• ENTRIES SUPPLIED:
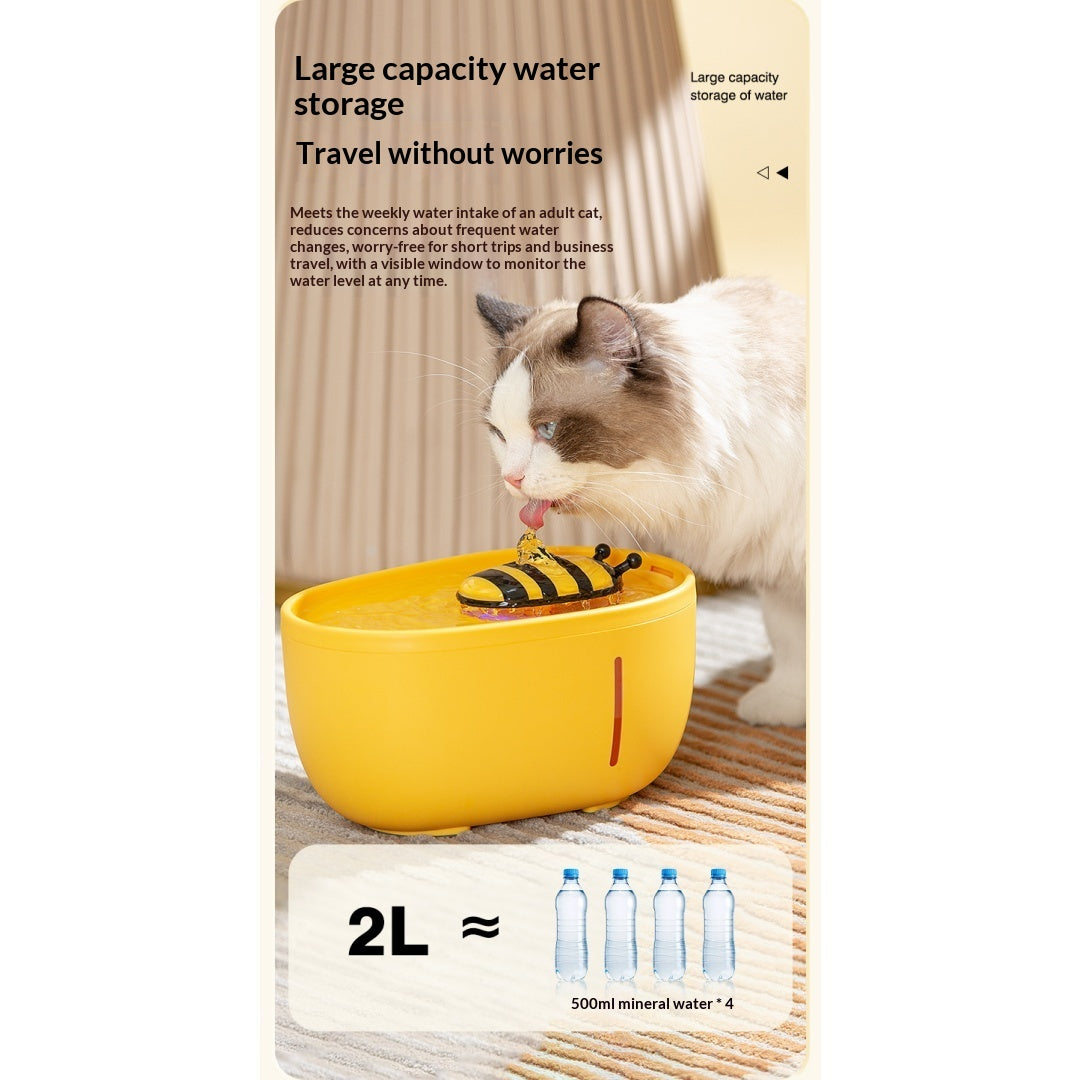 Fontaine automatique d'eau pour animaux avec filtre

...

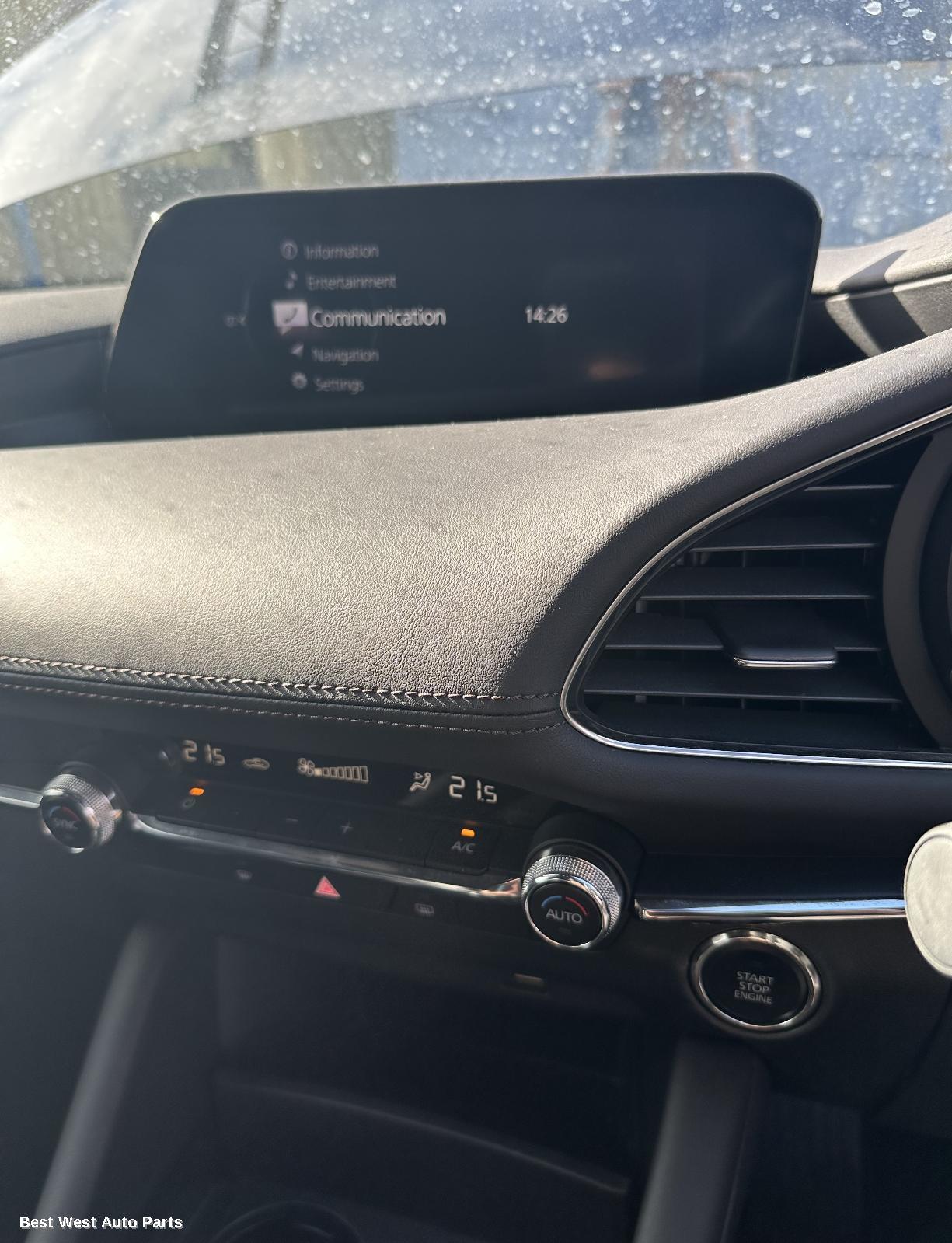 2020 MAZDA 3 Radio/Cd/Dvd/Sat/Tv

---

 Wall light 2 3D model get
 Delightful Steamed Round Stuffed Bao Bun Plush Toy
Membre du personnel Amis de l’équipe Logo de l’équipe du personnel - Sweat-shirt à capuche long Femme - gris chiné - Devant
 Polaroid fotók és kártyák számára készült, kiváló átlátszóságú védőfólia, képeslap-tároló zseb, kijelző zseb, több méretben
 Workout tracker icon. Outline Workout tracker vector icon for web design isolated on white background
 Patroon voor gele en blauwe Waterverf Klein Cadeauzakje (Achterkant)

• WHAT YOU NEED TO DO: Taking the lines above, repeat exactly those from the line that contains "Workout tracker icon." through the line that contains "Patroon voor gele", and both of those lines as well. Include nothing else.

• ANSWER FOR THE TASK:
 Workout tracker icon. Outline Workout tracker vector icon for web design isolated on white background
 Patroon voor gele en blauwe Waterverf Klein Cadeauzakje (Achterkant)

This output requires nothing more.